Pour sa deuxième venue à la Comédie- Française, après Mémoire de fille d’Annie Ernaux en juin 2023, Silvia Costa choisit « la pièce écossaise », comme il est d’usage de la nommer par superstition ; d’aucuns allant même jusqu’à appeler le couple assassin « M. » et « Lady M. ».
Entrée au Répertoire en 1985, dans une mise en scène de Jean-Pierre Vincent pour la Cour d’honneur au Festival d’Avignon, cette tragédie de la nuit continue de fasciner tant par la densité de son action, éminemment sanguinaire, que par la place donnée au surnaturel.
La metteuse en scène italienne, dont les créations sont très présentes ces dernières années sur les scènes de théâtre et d’opéra, s’intéresse au destin du général Macbeth à qui trois sorcières ont prédit qu’il accèderait au trône. Dès lors, obsédé par la prophétie, il commet le régicide avec l’aide de son épouse. Au meurtre de Duncan, roi droit et généreux, succède celui de son ami Banquo, témoin gênant. Le couple ploie sous la culpabilité et sombre dans la folie, comme si le roi usurpateur et Lady Macbeth – obnubilée par ses mains qu’elle voit tachées de sang – représentaient une même figure de la complexité humaine.

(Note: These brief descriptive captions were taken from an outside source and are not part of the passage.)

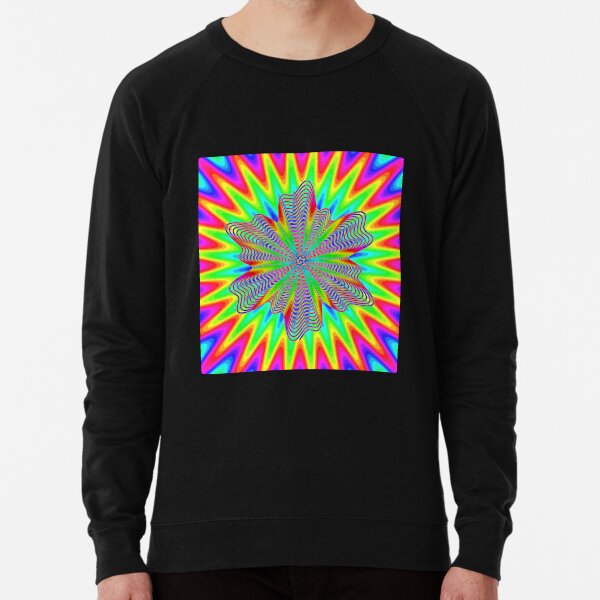 Trippy Decorative Pattern Lightweight Sweatshirt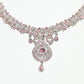 Rajwada Pink Alloy Stone Jewellery Set For Women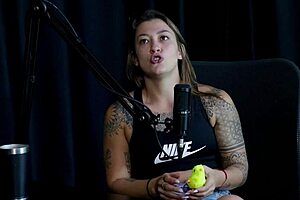 Flor de Damiana's Sheer Red Tease in Naughty Brazilian Casting Interview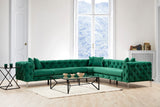 Corner sofa Right Como Green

Depuis l’annonce des trois sœurs fatales à la scène inaugurale (« L’immonde est beau, le beau immonde / Planons dans le brouillard et dans les miasmes du monde »), l’entièreté de la pièce est soumise à une confusion des valeurs qui fait s’étendre l’intime aux mondes moral et politique : entre le bien et le mal, mais aussi entre raison et folie, réel et apparence, soif de pouvoir et transgression, vie et mort, masculin et féminin... Silvia Costa imagine un espace métaphorique, comme une entrée dans le labyrinthe de la conscience du roi. Macbeth, pour qui « la vie n’est qu’un fantôme errant », se découvrira lui-même tandis qu’il fera l’apprentissage de ses pulsions les plus obscures.